La Librería Nacional, sita en la Arzobispo Nouel esquina Espaillat, fue una de las más actualizadas en ciencias sociales, con énfasis en sociología, economía e historia, así como en literatura de orientación marxista. Propiedad del sociólogo e historiador Franklin J. Franco, su apertura se efectuó a finales de 1965, ya instalado Héctor García Godoy como presidente provisional. Con el olor a pólvora de la revolución de abril todavía fresco en el corazón de la zona constitucionalista, cantón de las fuerzas civiles y militares comandadas por el coronel Caamaño durante el conflicto bélico que provocó el segundo desembarco de los marines en el siglo pasado. De esos primeros días conservo una vaga imagen, ya que a finales de febrero del 66 salí del país con destino a Santiago de Chile, donde permanecería por cinco años. Sin embargo, pronto me llegarían las noticias de la importancia que adquiría esta librería y de la labor editorial emprendida por su dinámico propietario, un frecuente colaborador de la revista ¡Ahora! a la cual me hallaba suscrito, cuyos artículos y polémicas sobre temas históricos disfruté desde el mirador santiaguino. Una estancia en Chile de mi querido "tío" Tulito Arvelo -conspirador antitrujillista junto a mi padre y tíos, sancarleño del Callejón Imbert- así me lo había confirmado.
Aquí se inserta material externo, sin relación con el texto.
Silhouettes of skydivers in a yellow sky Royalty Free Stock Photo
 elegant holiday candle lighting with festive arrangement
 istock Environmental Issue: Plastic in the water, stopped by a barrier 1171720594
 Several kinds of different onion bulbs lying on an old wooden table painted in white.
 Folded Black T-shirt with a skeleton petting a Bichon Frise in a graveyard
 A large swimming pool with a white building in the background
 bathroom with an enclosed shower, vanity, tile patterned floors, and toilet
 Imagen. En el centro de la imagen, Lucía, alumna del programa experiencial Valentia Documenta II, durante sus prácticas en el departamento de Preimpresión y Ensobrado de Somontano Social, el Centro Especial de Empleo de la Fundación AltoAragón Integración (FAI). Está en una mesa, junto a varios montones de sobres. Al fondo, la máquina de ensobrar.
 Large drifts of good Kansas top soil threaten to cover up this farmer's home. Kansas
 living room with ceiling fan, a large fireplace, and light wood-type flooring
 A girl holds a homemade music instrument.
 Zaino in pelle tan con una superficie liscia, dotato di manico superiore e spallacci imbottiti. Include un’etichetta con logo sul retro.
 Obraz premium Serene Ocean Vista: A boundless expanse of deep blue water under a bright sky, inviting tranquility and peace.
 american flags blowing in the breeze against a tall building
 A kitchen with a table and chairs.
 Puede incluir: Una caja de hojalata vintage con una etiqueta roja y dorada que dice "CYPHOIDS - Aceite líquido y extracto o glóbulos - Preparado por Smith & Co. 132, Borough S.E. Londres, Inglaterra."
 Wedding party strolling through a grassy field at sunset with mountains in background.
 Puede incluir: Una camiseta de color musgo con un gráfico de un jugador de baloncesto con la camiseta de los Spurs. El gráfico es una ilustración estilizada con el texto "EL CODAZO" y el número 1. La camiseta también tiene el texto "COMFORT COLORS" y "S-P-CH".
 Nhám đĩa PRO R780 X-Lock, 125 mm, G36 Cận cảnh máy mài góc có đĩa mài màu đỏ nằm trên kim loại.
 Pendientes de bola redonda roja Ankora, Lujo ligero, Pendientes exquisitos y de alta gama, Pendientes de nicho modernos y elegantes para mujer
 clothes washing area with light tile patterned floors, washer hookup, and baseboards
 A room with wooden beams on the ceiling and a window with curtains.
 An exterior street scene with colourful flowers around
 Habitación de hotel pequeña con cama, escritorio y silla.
Gracias al interés de mi hermana Flérida por mantenerme al tanto de lo que aquí se publicaba, recibí en el Cono Sur los primeros títulos de Editora Nacional, así como las ediciones príncipe de la Universidad Católica Madre y Maestra de Santiago (del fraterno Frank Moya Pons, La Española en el siglo XVI 1493-1520, del entrañable sociólogo holandés Harry Hoetink, El Pueblo dominicano: 1850-1900, apuntes para su sociología histórica y de Héctor Incháustegui Cabral, De Literatura Dominicana Siglo XX). Los títulos de Editora Nacional se orientaron a satisfacer lo que Jimenes Grullón llamaría la nueva historiografía. Figuraba entre los autores Emilio Cordero Michel -quien devendría en los 70 un apreciado colega en las faenas universitarias y contertulio en las peñas de la Heladería Capri, La Cafetera, Los Imperiales y el Bar América- con su seminal La revolución haitiana y Santo Domingo. De nuestro Pedro Mir, su hermoso texto Tres leyendas de colores y el estimulante ensayo El Gran Incendio: Los Balbuceos Americanos del Capitalismo Mundial. De Antonio de la Rosa -seudónimo del juez y publicista haitiano Alexandre Poujol-, Las finanzas de Santo Domingo y el control americano.

Del propio Franklin J. Franco, Los negros, los mulatos y la nación dominicana. Del historiador cubano José Luciano Franco, la colección incluyó su fundamental Historia de la revolución de Haití. En 1966 Franco había ganado el prestigioso premio de ensayo de Casa de las Américas de Cuba por su obra República Dominicana: Clases, crisis y comandos, acerca de la revolución de abril, reimpresa localmente. Editora Nacional publicaría otros trabajos suyos, como Vida, pasión y muerte del PCD, El aporte de los negros e Historia de las ideas políticas en la Republica Dominicana, parte de una amplia y valiosa bibliografía sobre tópicos históricos, sociológicos y políticos, entre los que destacan el régimen de Trujillo, las relaciones domínico-haitianas, las finanzas públicas, el prejuicio racial. Obras de texto como Historia del Pueblo Dominicano y su más reciente Historia de la UASD y los Estudios Superiores. Quizá el proyecto más ambicioso emprendido por Franco fue la Enciclopedia Dominicana que congregó contribuciones de destacados investigadores bajo su dirección, editada en ocho volúmenes y ahora disponible en versión digitalizada.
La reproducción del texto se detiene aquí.